Coal mining operations resume in Assam elephant reserve

Operations in Tikok open cast project were temporarily suspended in June 2020 following reports of illegal mining in forestlands

March 26, 2022 09:21 pm | Updated 10:35 pm IST - GUWAHATI

Photo used for representation purpose only.

Photo used for representation purpose only. | Photo Credit: G.N. Rao

Coal mining operations have resumed in a part of eastern Assam’s Dehing Patkai Elephant Reserve almost two years after they were suspended following reports of illegal mining in forestlands and protests over its ecological impact.

Union Minister of Coal, Mines and Parliamentary Affairs, Pralhad Joshi on Saturday inaugurated the resumption of the mining operations at the Tikok opencast project (OCP) of the North Eastern Coalfields (NEC), a unit of Coal India Limited.

Mining operations in Tikok and the adjoining Tirap OCP were temporarily suspended in June 2020 following reports of illegal mining in forestlands and protests over its impact on the 111.19 sq. km Dehing Patkai Wildlife Sanctuary, a subtropical rainforest that was upgraded to a national park in June 2021.

The national park is part of the 937 sq. km Dehing Patkai Elephant Reserve that includes the British-era collieries and oil refinery town Digboi.

Environmentalists had cried hoarse when the National Board for Wild Life had in April 2020 recommended using 98.59 hectares of a proposed reserve forest within the elephant reserve for coal mining as 57.20 hectares had already been broken up by the NEC. Protests led to the suspension of operations.
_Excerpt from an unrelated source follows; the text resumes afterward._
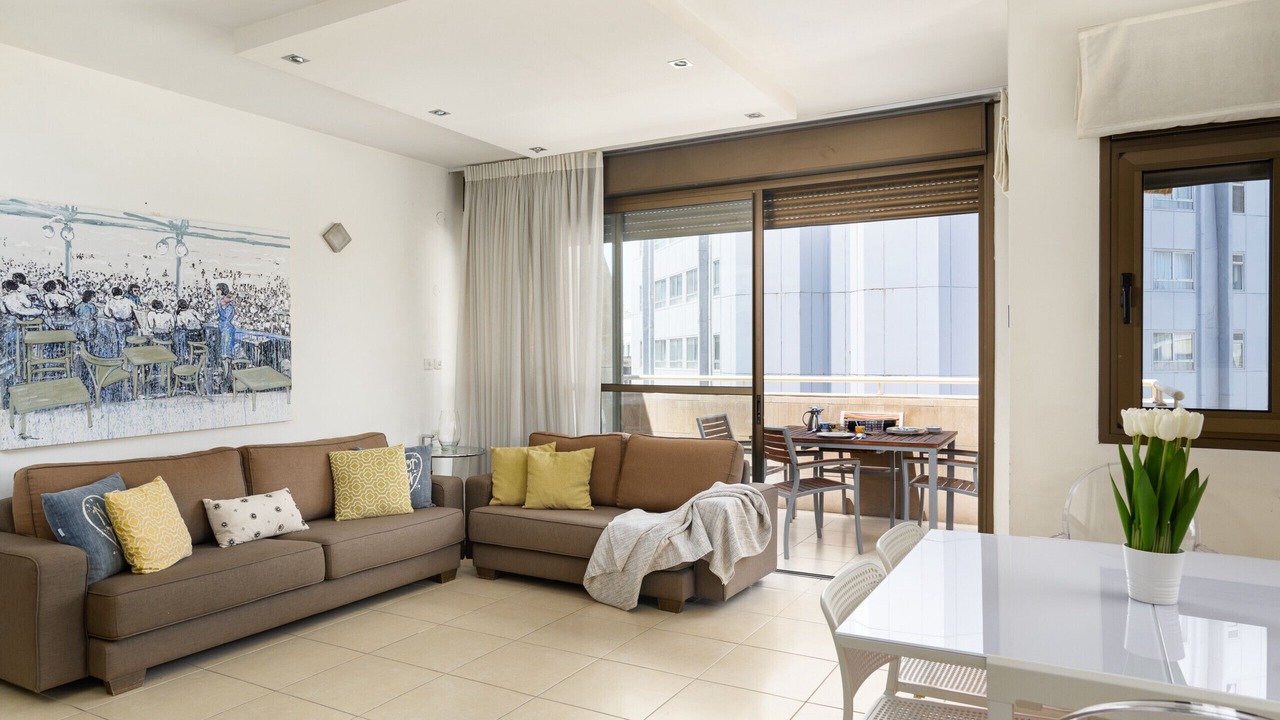 Photo of Livingroom in Tel Aviv Promenade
With resumption of operations, the NEC hopes to produce 4 lakh tonnes of coal per annum from two collieries — the Tikak OCP and the Tikak Extension OCP. The Tirap OCP will also start operating in a few months with a target of producing 10 lakh tonnes of coal annually.

Speaking at the official programme, Assam Chief Minister Himanta Biswa Sarma said the BJP-led State government fulfilled yet another election promise with the resumption of mining operations. “But while operationalising the Tikok Colliery, we have ensured that mining activities continue in sync with nature as we are committed to maintain a balance between development and environment,” he said.

Reopening the mines, he added, was “very important for the socio-economic development of the region, which has received a major boost today”.